What to work on
Among the entries that follow, locate the line with "A fan performs" and the line with "Portrait of beautiful". Output those lines and all lines in between, exactly, minus the pictures.

Available records
━━━━━━━━━━━━━━━━━━━━

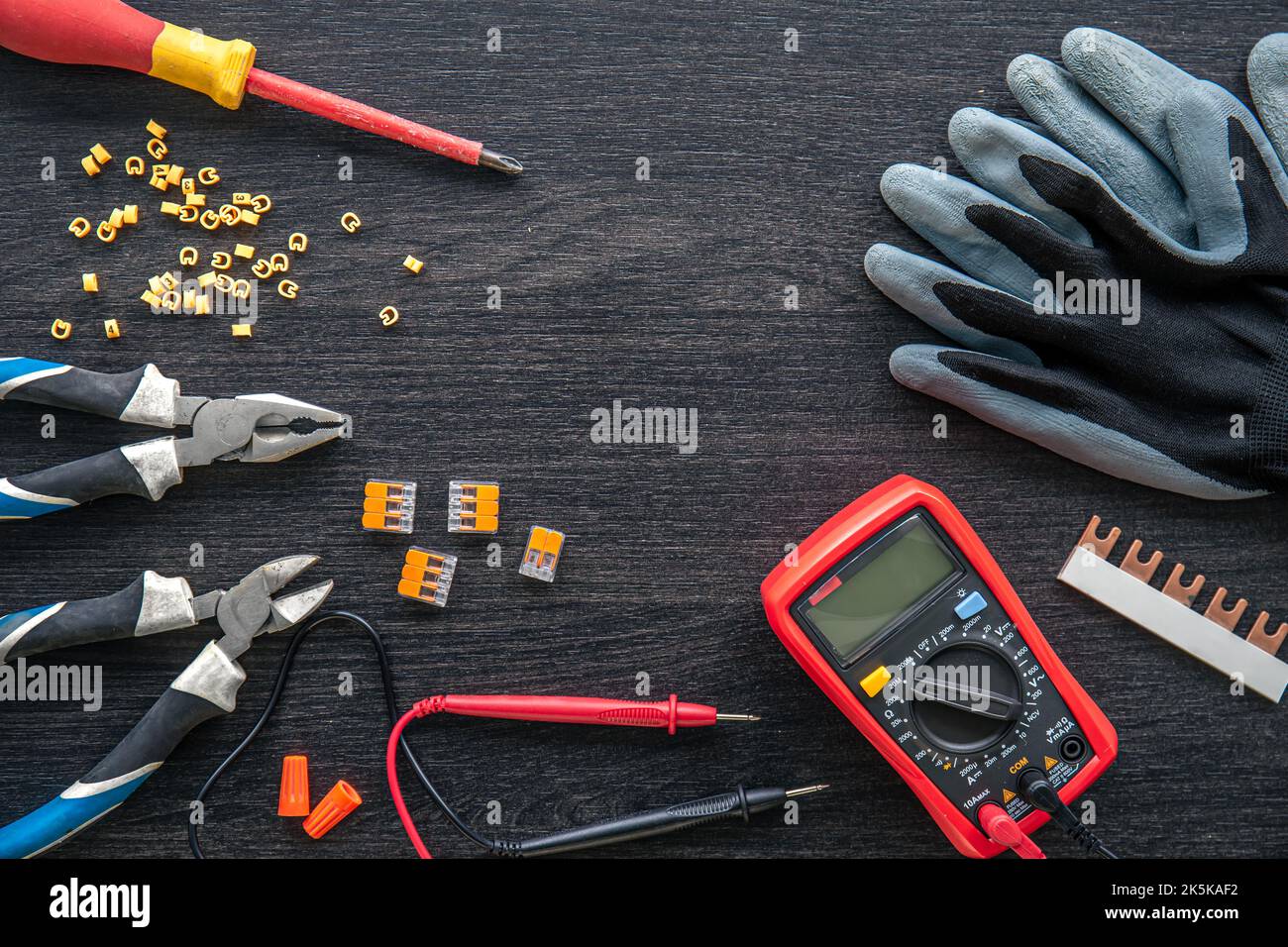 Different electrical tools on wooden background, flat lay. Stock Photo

━━━━━━━━━━━━━━━━━━━━

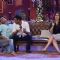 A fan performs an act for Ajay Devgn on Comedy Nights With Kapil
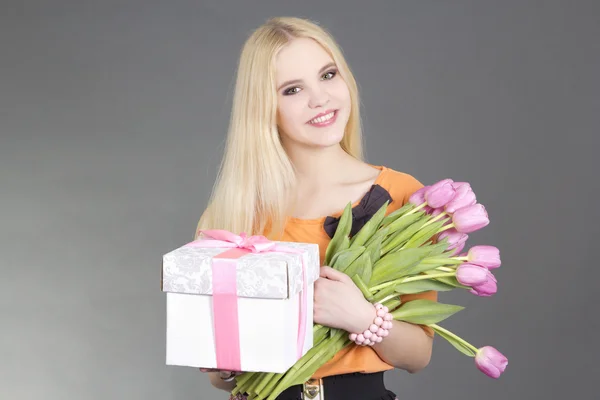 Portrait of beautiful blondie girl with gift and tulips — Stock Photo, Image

━━━━━━━━━━━━━━━━━━━━

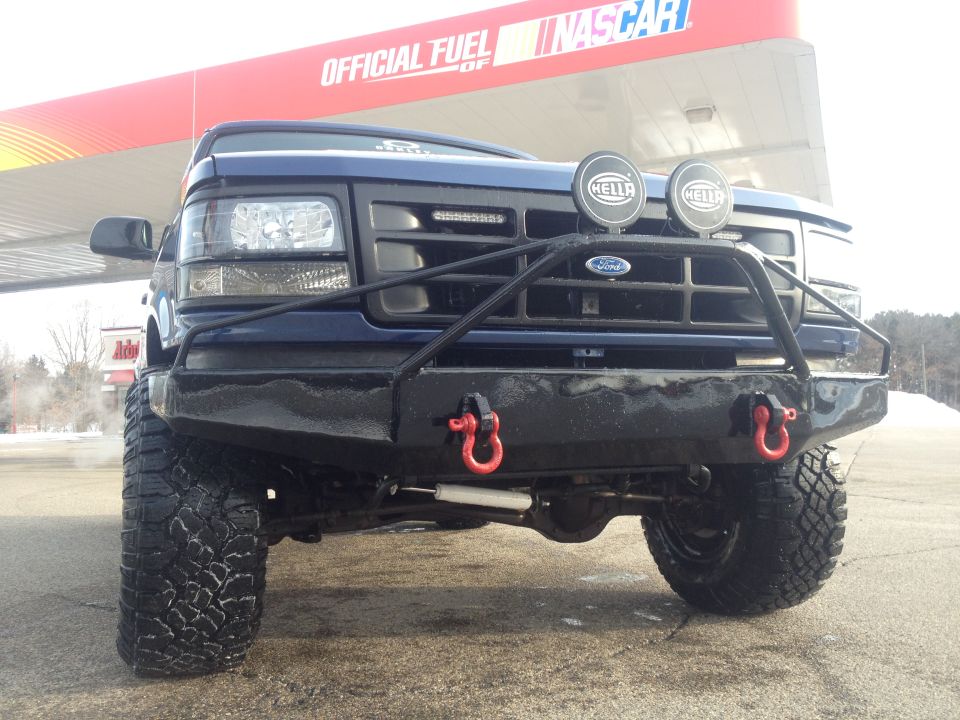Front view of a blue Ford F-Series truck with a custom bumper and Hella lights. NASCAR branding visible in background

━━━━━━━━━━━━━━━━━━━━

Reply to the exercise
 A fan performs an act for Ajay Devgn on Comedy Nights With Kapil
 Portrait of beautiful blondie girl with gift and tulips — Stock Photo, Image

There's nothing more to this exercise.